The painted lines that run down the center of roads are merely suggestions of where lanes should be. As I look down from the safety of my balcony I can see that almost nobody pays any attention to them. It is common to see cars going on the wrong side of the street honking the whole time.
Speaking of honking. As much as I can tell, he who honks first is not at fault. For this very reason, people are quick to honk or even ride the horn. Intersections are another place where horns are used. I believe it is because the lack of traffic signals necessitates letting oncoming traffic know that you are about to blast on through an intersection.
Imagine this… you are trying to cross a very busy street (think Hilltop and Cypress at 5 o’clock). There are no signals. Cars just go when they feel like it. You need to get from Jack in the Box to Del Taco. How do you get across? If you are like me, you “Frogger” your way to Black Bear Diner then on to Del Taco. How do the locals of Hanoi do it? They walk with purpose, often taking the direct A to B route, never looking anywhere but straight ahead. Talk about courage!

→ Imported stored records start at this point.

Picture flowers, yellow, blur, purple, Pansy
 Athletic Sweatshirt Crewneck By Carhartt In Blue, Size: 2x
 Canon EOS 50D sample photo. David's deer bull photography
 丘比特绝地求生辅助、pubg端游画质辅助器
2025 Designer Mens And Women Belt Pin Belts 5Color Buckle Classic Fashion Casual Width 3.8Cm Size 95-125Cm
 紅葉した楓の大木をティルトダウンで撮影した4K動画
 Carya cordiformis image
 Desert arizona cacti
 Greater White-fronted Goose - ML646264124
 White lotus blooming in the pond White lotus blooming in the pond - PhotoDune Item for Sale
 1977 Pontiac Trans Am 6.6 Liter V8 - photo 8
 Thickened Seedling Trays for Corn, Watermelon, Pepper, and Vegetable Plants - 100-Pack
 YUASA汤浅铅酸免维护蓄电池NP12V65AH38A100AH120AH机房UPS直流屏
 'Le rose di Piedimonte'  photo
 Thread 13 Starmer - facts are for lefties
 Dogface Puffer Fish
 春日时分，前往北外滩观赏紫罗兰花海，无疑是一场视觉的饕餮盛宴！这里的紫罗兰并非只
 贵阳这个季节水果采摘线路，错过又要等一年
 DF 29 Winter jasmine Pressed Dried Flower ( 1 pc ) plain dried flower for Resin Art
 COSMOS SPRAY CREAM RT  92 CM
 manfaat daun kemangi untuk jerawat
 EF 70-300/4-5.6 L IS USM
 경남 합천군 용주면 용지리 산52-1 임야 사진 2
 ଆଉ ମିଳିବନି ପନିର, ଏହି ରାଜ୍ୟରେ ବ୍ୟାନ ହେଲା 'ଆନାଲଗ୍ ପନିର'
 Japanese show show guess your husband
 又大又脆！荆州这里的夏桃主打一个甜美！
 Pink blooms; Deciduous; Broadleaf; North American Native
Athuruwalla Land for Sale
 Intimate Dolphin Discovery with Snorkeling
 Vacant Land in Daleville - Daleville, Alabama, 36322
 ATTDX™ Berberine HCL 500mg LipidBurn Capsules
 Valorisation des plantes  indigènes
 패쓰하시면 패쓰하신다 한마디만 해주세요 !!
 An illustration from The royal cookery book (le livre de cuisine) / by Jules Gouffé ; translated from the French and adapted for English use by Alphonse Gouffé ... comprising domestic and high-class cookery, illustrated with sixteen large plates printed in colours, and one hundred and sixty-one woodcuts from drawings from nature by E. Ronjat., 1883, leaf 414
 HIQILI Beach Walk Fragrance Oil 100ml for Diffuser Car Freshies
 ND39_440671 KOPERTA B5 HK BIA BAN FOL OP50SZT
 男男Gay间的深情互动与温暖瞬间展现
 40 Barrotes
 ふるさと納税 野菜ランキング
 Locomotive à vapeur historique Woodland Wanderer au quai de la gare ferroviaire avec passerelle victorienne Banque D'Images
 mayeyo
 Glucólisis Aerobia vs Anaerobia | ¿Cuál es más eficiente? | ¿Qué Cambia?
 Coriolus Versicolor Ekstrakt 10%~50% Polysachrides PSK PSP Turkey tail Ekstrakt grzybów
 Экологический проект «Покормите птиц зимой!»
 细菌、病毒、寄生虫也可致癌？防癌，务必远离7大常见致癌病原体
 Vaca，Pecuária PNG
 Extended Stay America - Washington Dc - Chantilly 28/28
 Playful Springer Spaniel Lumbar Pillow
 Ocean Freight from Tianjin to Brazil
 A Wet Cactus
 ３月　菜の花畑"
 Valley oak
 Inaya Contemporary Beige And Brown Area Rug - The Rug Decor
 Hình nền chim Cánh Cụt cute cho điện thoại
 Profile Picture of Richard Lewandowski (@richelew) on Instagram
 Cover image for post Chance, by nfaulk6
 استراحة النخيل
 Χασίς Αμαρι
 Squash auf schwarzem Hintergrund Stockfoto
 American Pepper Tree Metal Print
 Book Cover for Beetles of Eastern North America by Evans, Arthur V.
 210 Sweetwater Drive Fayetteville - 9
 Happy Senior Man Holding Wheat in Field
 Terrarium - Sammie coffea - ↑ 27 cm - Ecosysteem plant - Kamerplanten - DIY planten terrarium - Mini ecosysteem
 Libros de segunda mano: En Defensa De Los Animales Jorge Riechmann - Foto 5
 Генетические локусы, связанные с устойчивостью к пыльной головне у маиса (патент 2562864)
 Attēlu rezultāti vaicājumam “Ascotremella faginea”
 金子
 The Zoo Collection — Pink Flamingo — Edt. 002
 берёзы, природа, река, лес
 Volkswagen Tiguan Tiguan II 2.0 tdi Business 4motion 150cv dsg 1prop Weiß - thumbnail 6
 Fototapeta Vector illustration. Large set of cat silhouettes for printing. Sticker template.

Scooters are by far the most common form of transportation. I ride a scooter at home. I have even found myself holding 3 takeout boxes and a 40 ounce soda between my feet as I drove back to work after lunch. I thought I was pretty cool. I have been humbled. Here I have seen people ride with 3 on a scooters… they ride with cages full of chickens on scooters… ladders… huge bags of rice stacked higher than the driver… and I have been told, water buffalo. I promise if I see a scooter with a water buffalo I will take a picture, until then I will dismiss that one as someone trying to figure out how gullible the tourist is.
So, with all this chaos, be proud of me that I spent 4 hours walking around Hanoi with my Dad. We walked by the Botanical Gardens, the Ho Chi Minh Mausoleum, schools, hundreds of restaurants, dozens of government buildings (which we found you are not supposed to take pictures near), statues, water fountains, street venders, and places that offer Pho To Co Py. Dad thought we could buy noodles at these places since Pho means noodles. No, this is where we could have our passports copied.
We also went to the military museum, but I think my Dad could describe this much better than I could so I will leave it to him.
As for me, I am back in the hotel room getting ready to tackle my homework and glad to be out of the chaos. I am happy to stay in my hotel for what remains of the day. As for my Dad, he is back in it, exploring another part of the city.
We both got up early this morning, and enjoyed a fine buffet breakfast in the hotel. They make their coffee strong, just the way I like it, and the bread choices were excellent. I remember “French bread” from the last time I was in Vietnam, and I tried a few other varieties of muffins and pastries. Laura went for a slice of something she described as what a twinkie would be if it was freshly made, a light cake with fresh whipped cream.
I saw the same traffic as Laura, but saw calm as much as chaos. The thing that impressed me was the relatively sedate pace. They kept moving with a purpose, but there were no angry gestures or verbal comments of any kind, no speeding away from a congested spot. Even the horns were handled with tact, more friendly beep (hey, I’m here, you know), than get-out-of-my-way, I’ve-got-somewhere-I-need-to-be. Laura mentioned this morning that you don’t see any vehicles with body damage either.
She was a good sport and we went through the military museum. I was prepared to be impressed by a bicycle that was used to carry 700 pound loads of materials to the south, but have to wonder how someone could manage that. Their path wasn’t a paved road on level terrain after all. It was a single speed, steel framed bike that was reinforced with bamboo, and still looked kind of fragile. Ok, someone else would be impressed with the Russian and American jets, but that bike impressed me, and the guy who rode it, even more.